> **PROBLEM DESCRIPTION**
Copy every entry word for word, but skip the pictures.

=== PROVIDED RECORDS ===

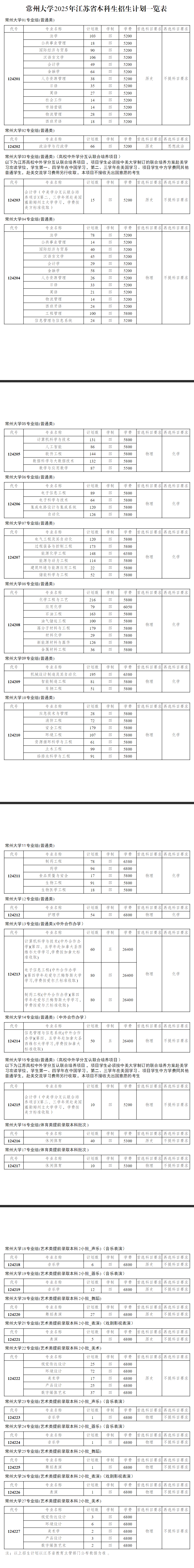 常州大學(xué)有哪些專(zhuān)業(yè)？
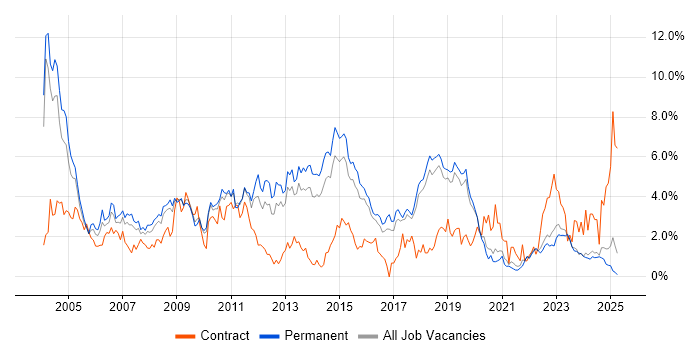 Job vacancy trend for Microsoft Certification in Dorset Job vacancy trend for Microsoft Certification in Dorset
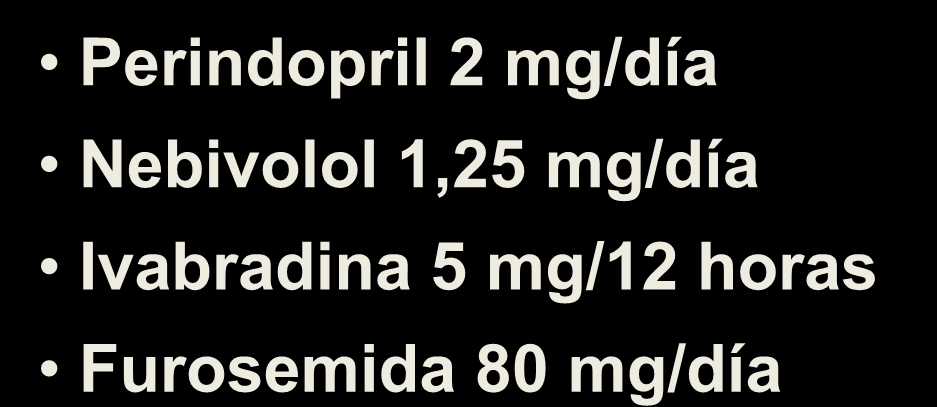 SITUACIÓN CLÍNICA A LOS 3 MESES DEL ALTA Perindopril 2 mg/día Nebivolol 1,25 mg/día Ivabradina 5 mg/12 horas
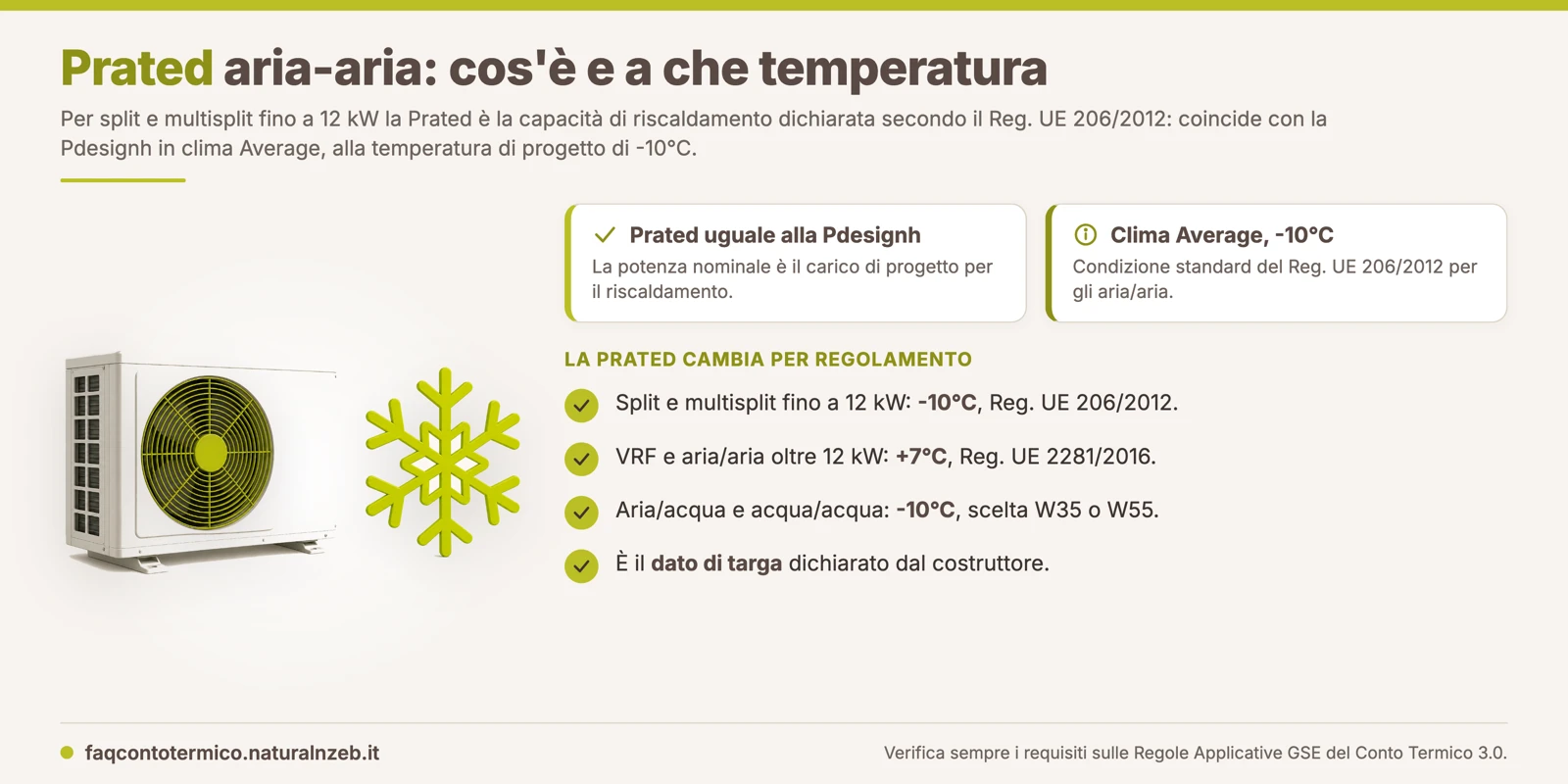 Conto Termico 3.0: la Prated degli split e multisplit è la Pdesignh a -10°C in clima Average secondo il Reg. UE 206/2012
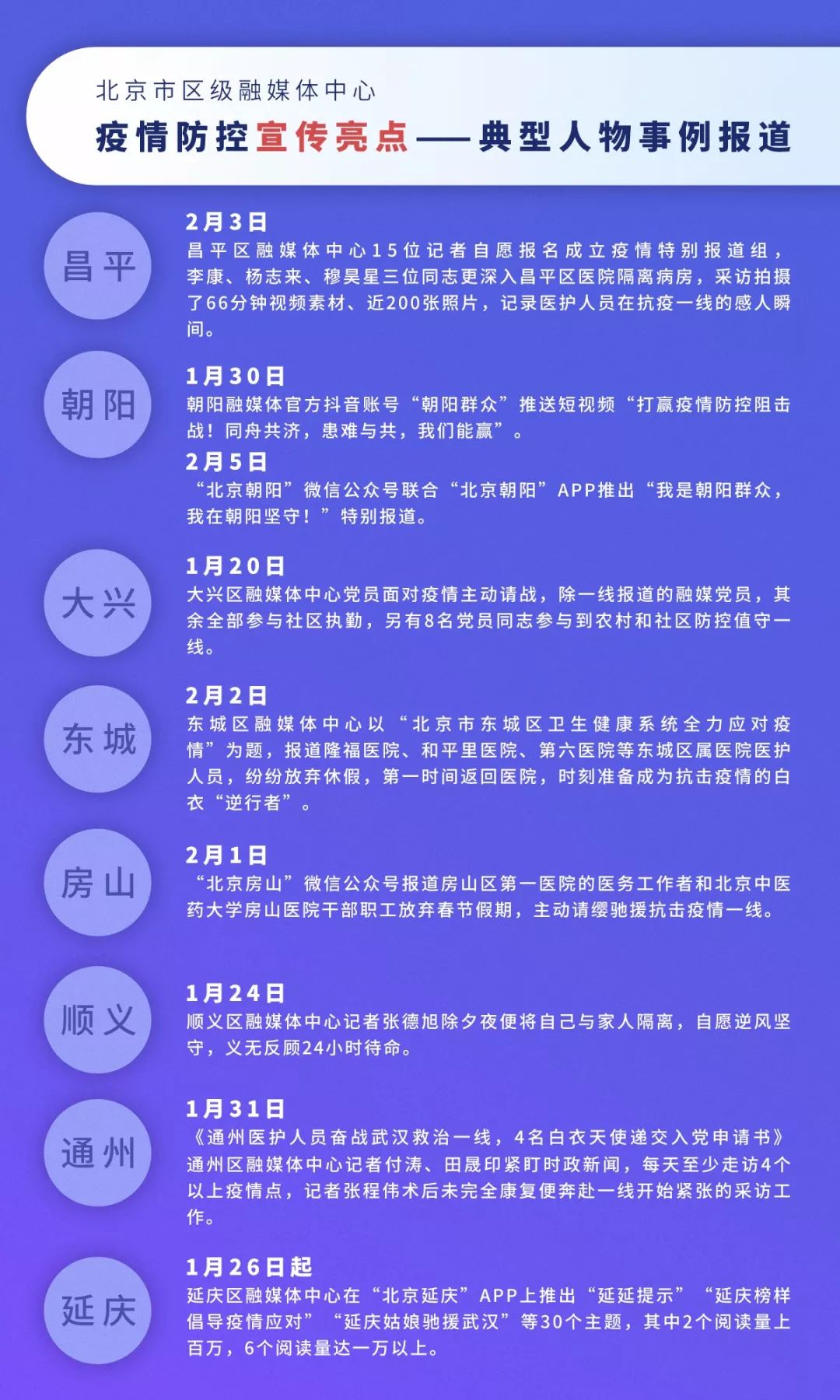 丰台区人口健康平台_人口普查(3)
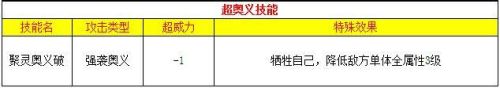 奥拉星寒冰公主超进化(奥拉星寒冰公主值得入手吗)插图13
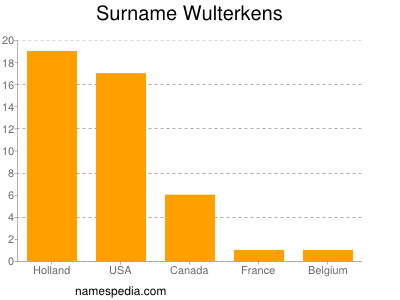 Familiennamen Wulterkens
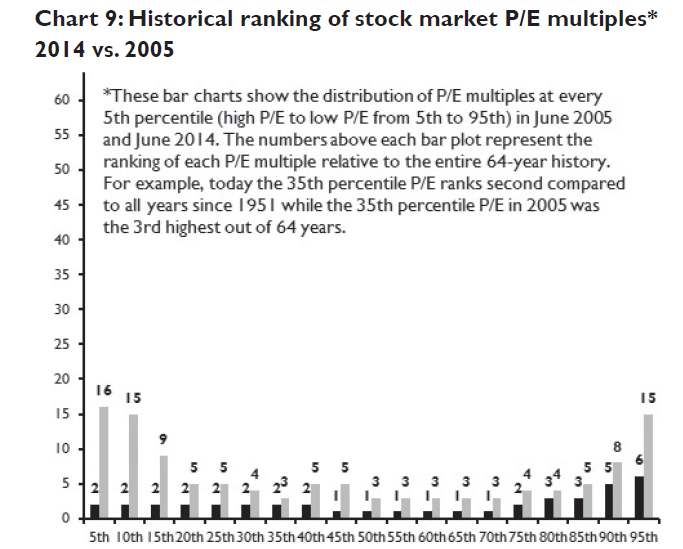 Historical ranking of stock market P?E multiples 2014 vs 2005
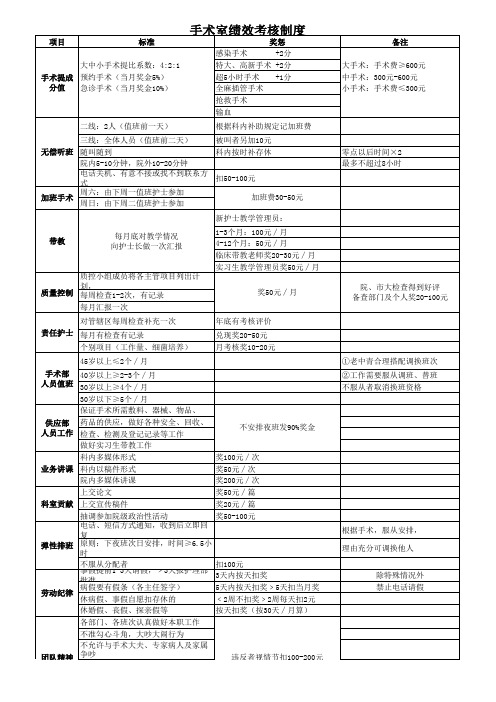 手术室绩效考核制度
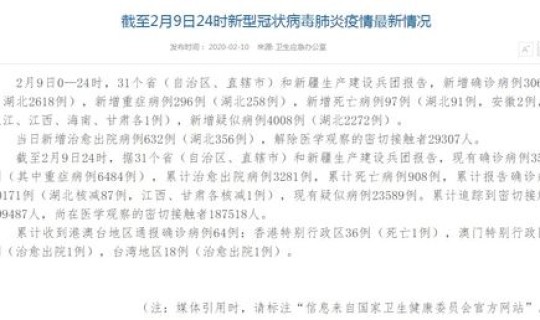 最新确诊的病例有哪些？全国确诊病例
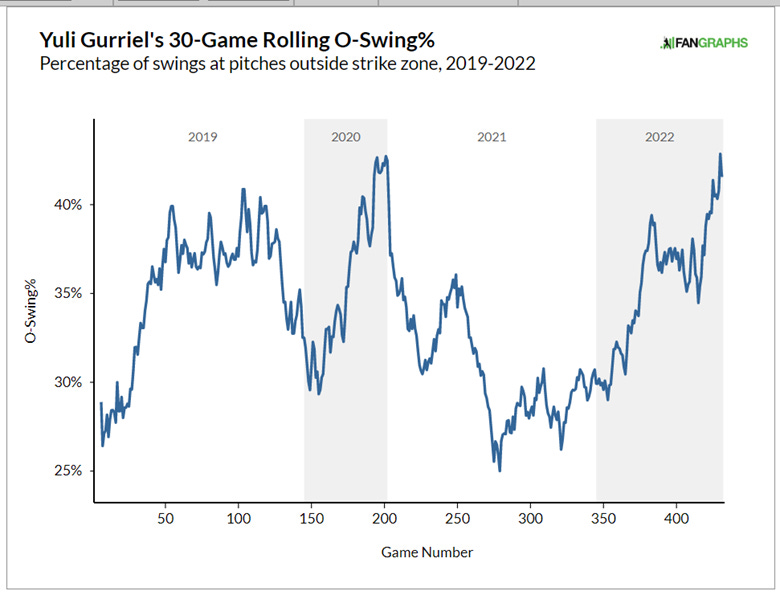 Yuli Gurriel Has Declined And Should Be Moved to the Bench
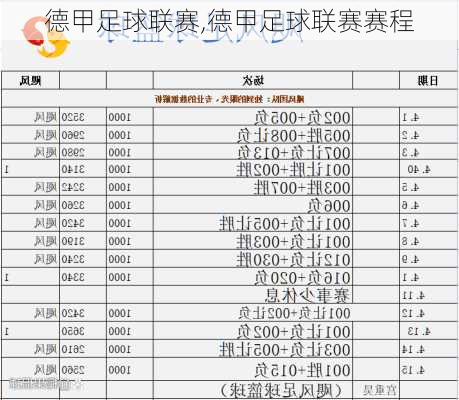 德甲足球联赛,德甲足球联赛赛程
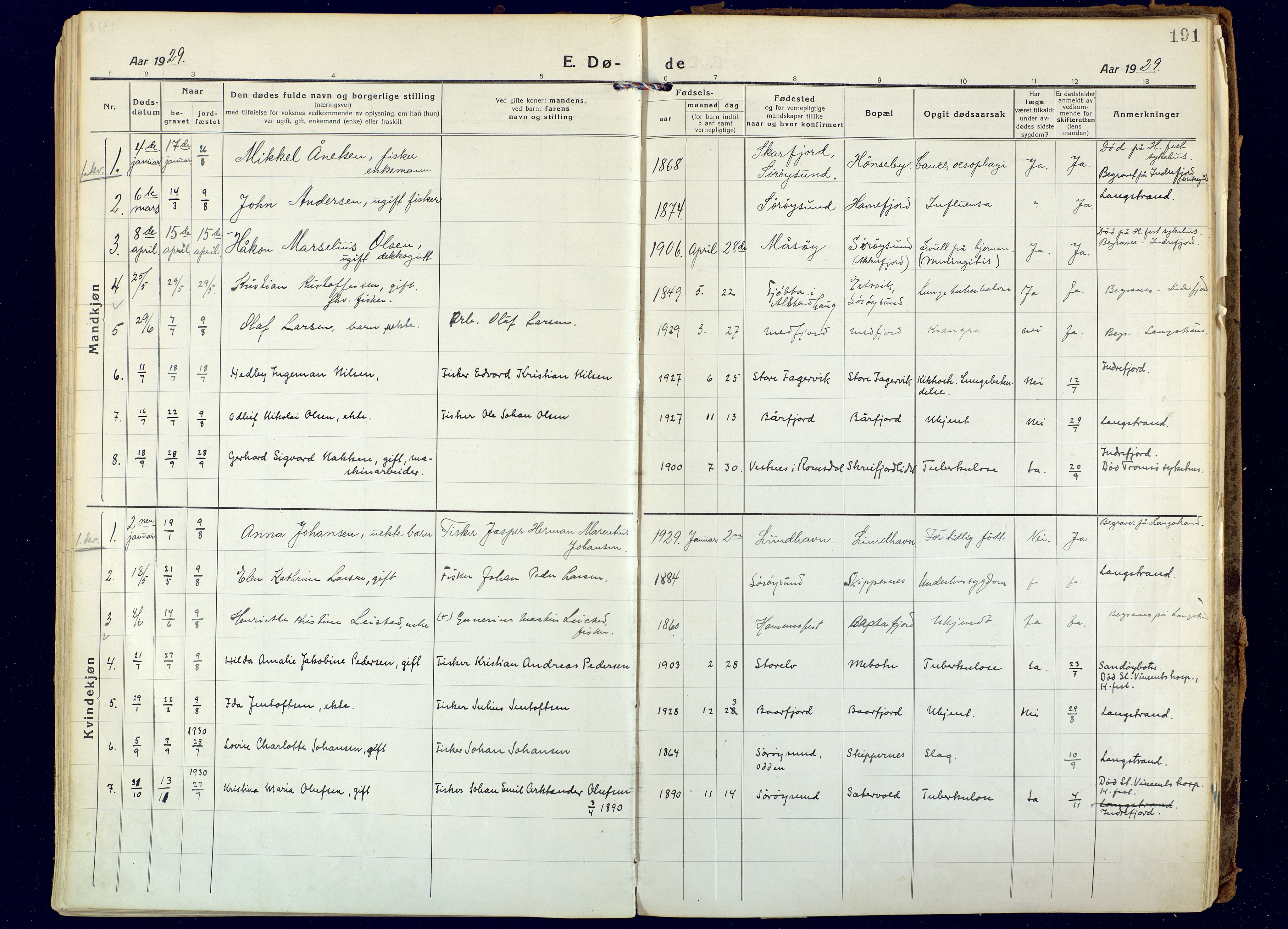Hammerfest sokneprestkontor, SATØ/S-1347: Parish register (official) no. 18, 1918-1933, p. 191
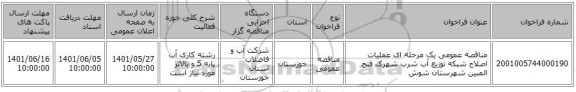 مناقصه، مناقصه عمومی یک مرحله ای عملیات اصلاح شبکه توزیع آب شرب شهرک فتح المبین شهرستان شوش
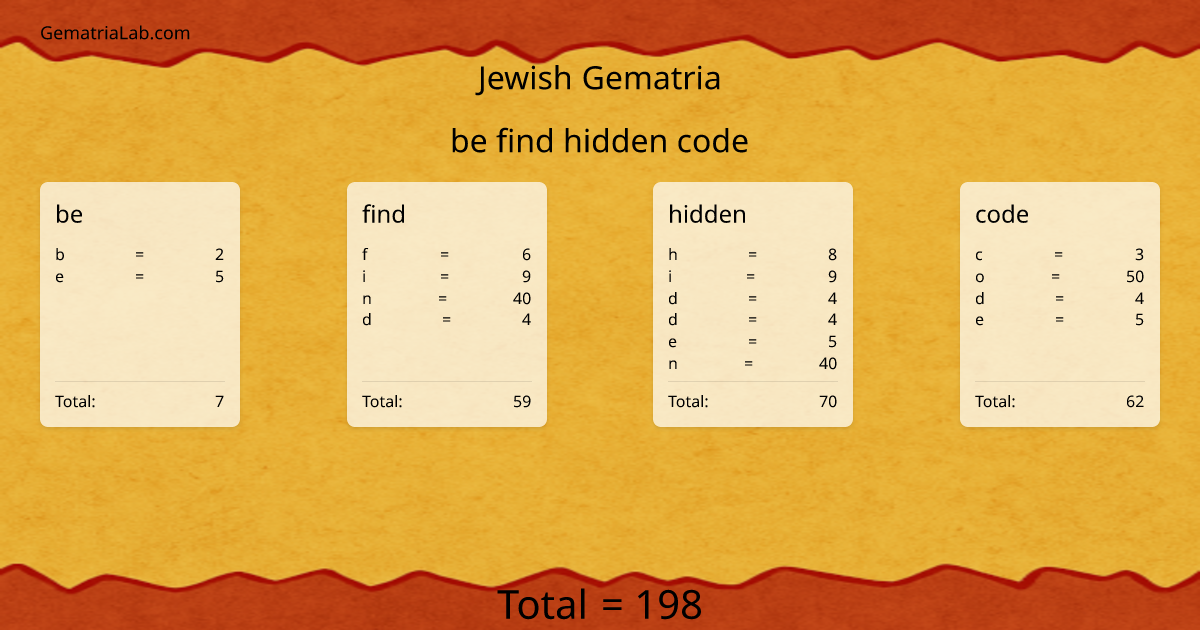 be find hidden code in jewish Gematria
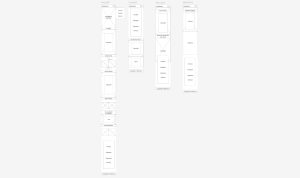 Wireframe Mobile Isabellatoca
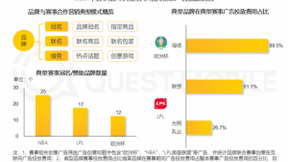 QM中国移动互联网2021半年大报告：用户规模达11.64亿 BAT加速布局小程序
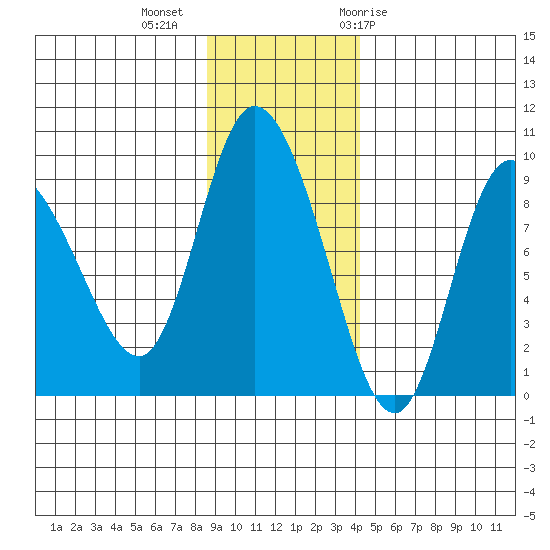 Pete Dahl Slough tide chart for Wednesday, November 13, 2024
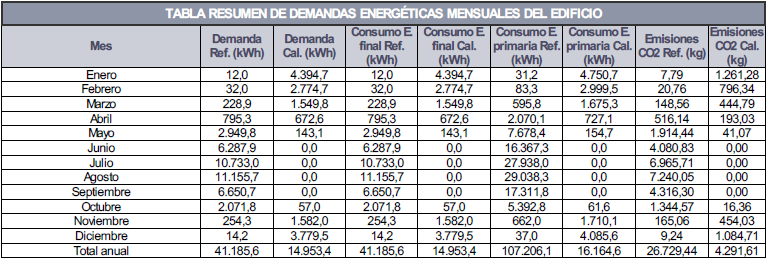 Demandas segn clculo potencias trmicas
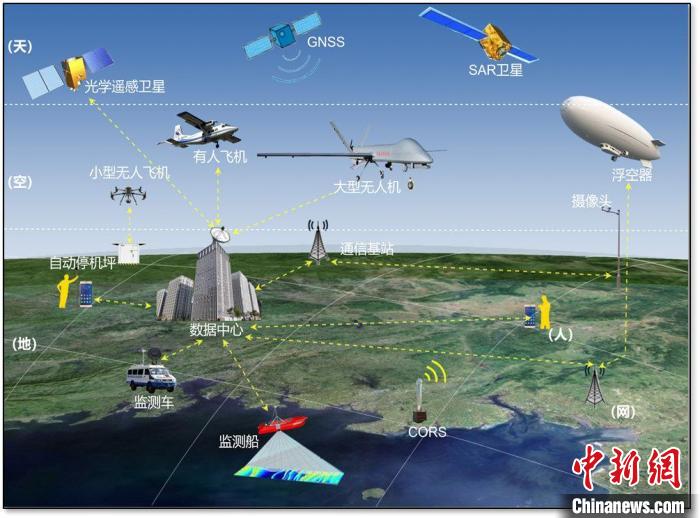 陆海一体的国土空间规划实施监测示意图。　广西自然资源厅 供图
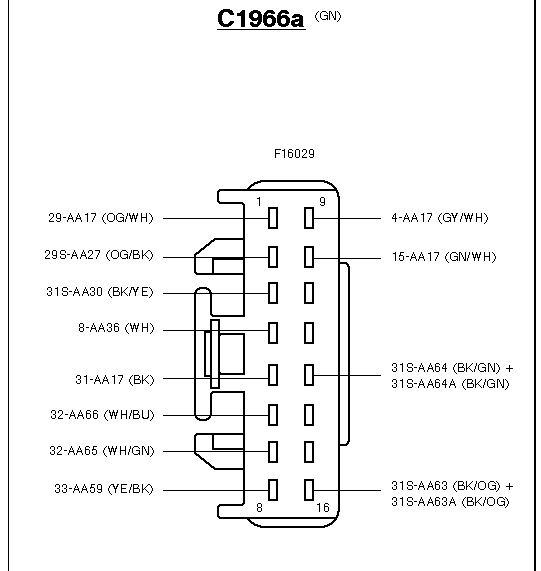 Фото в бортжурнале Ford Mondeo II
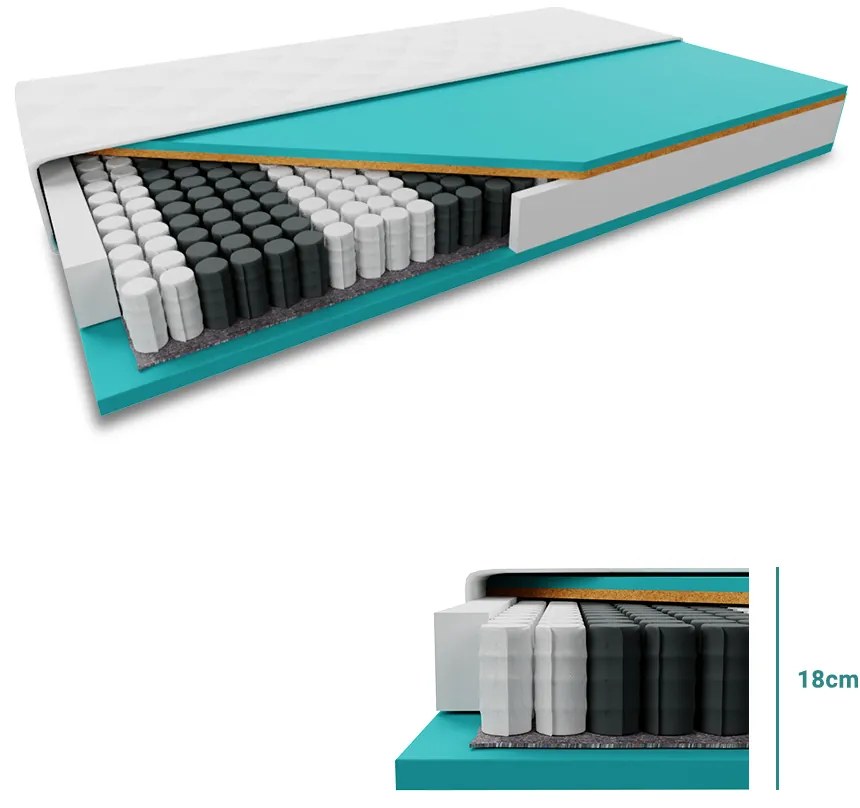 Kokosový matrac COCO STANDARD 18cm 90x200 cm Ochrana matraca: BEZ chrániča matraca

===

> **RESULT OF THE TASK**
 常州大學(xué)有哪些專(zhuān)業(yè)？
 Job vacancy trend for Microsoft Certification in Dorset Job vacancy trend for Microsoft Certification in Dorset
 SITUACIÓN CLÍNICA A LOS 3 MESES DEL ALTA Perindopril 2 mg/día Nebivolol 1,25 mg/día Ivabradina 5 mg/12 horas
 Conto Termico 3.0: la Prated degli split e multisplit è la Pdesignh a -10°C in clima Average secondo il Reg. UE 206/2012
 丰台区人口健康平台_人口普查(3)
 奥拉星寒冰公主超进化(奥拉星寒冰公主值得入手吗)插图13
 Familiennamen Wulterkens
 Historical ranking of stock market P?E multiples 2014 vs 2005
 手术室绩效考核制度
 最新确诊的病例有哪些？全国确诊病例
 Yuli Gurriel Has Declined And Should Be Moved to the Bench
 德甲足球联赛,德甲足球联赛赛程
Hammerfest sokneprestkontor, SATØ/S-1347: Parish register (official) no. 18, 1918-1933, p. 191
 مناقصه، مناقصه عمومی یک مرحله ای عملیات اصلاح شبکه توزیع آب شرب شهرک فتح المبین شهرستان شوش
 be find hidden code in jewish Gematria
 Wireframe Mobile Isabellatoca
 QM中国移动互联网2021半年大报告：用户规模达11.64亿 BAT加速布局小程序
 Pete Dahl Slough tide chart for Wednesday, November 13, 2024
 Demandas segn clculo potencias trmicas
 陆海一体的国土空间规划实施监测示意图。　广西自然资源厅 供图
 Фото в бортжурнале Ford Mondeo II
 Kokosový matrac COCO STANDARD 18cm 90x200 cm Ochrana matraca: BEZ chrániča matraca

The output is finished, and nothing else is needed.